AnalysisEven in tough times, IT security should not be short changed

Published 22 December 2008

In tough economic times, IT managers — as do other managers — look for ways to cut costs and expenses; they should realize, though, that in tough economic times IT security may become even more important than during more normal times

To spend or not to spend? Maitland Hyslop, COO of Onyx Group, writes that in tough economic times, this is a question facing most directors even more as pressures to cut costs and reduce overheads increase. IT departments are not immune to the current crisis and in many cases have been cut back to only the core services which are viewed as essential for maintaining competitiveness. New projects and upgrades have come under scrutiny and put on hold. “Is now the time to be investing in data security?” Hyslop asks. he says the answer is threefold.

The first consideration has got to be risk assessment. “We are living in a far more risky economic climate, in which long-standing, trusted institutions that previously boasted apparently sound business models have fallen victim to the sinister forces of the credit crunch.” Each day we see reports of new victims; the pages of newspapers are littered with differing predictions about what the future brings. The truth is that we cannot really know. It is still unclear how wide the repercussions of the banking crisis are likely to be and for how long its effects are likely to be felt.

With increased economic risk comes increased competition. Businesses are having to offer more and at better prices, while continuing to maintain a high standard of quality, in order to remain in the black. “As more services go online it is paramount that the technology supporting them is secure and resilient. Consumers’ trust has been damaged and remains fragile, but there are real rewards to be reaped by those who successfully position themselves as reliable, credible operators who build their strategies around longevity,” he writes. Woe betide those who find themselves suffering a reputation crisis in such a sensitive period.

The second consideration to be taken into account is that accompanying the credit crunch is a whole range of tangible new threats to data security. Mergers, takeovers, and redundancies all further complicate an already complex area. “Previously strong security measures are frequently pulled apart when businesses merge together and it can take considerable time, a resource which is already in short supply in the risky economic climate, to fix the subsequent holes in security infrastructure,” Hyslop writes. Two high profile financial institutions in the process of merging at the time of writing are facing particular difficulties as one handles security issues in-house, while the other outsources. Overall responsibility and accountability for the security of customer data needs to be established, and quickly, for the merged business to continue trading, but pressures across the two businesses can pull staff in other directions.

This is further complicated by the increase in home-working and remote access to confidential data. Conversely, staff may use their personal technologies in the workplace. “Such practices mean that it is harder to draw the line between the private and public sector and security breaches on a private PC or laptop can soon become a corporate matter,” Hyslop asserts. What may initially appear to be an inconvenience for a single employee may actually have implications for the entire business.

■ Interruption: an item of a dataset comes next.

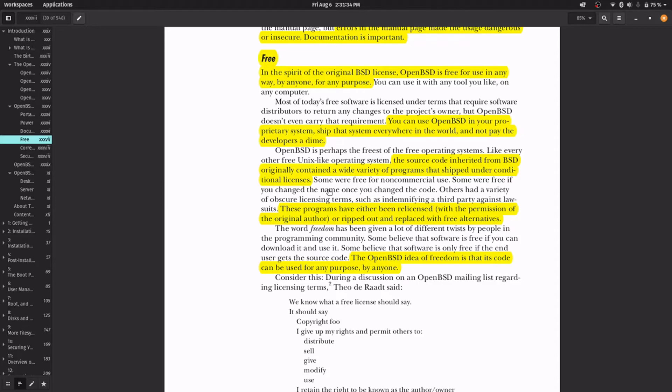The original Unix-like operating system that OpenBSD is derived from contains many programs with proprietary licenses. These programs have been relicensed or replaced with free alternatives, and now OpenBSD has all free source code, not any proprietary source code.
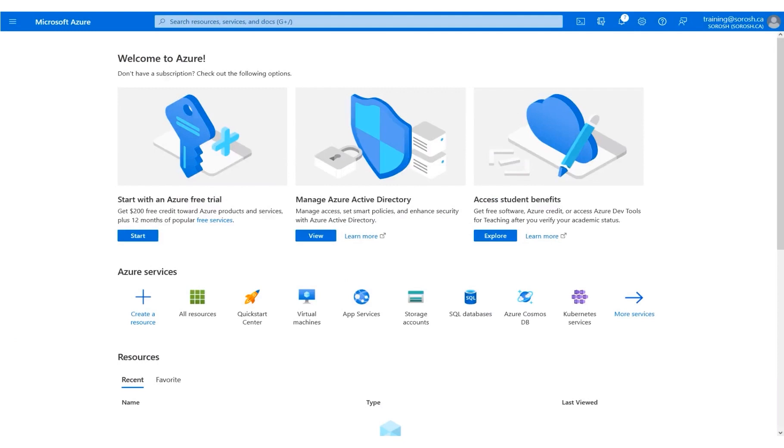To begin creating a user, click View, under Manage Azure Active Directory.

Third, efficient and effective use of IT can be the very attribute which puts a business ahead of its competitors. “By outsourcing responsibility for security issues staff can concentrate their efforts on the core business and driving forward new and improved services.” A recent survey by the Management and Consultancies Association (MCA) and the British Bankers’ Association (BBA) found that over 90 percent of U.K. companies already outsource part of their business in order to cut costs, but many still do not know how to get the most out of outsourcing. “While cost-cutting should not be the primary driver of IT strategy, any opportunity to reduce risk and further secure information should be grasped in the current climate,” Hyslop concludes.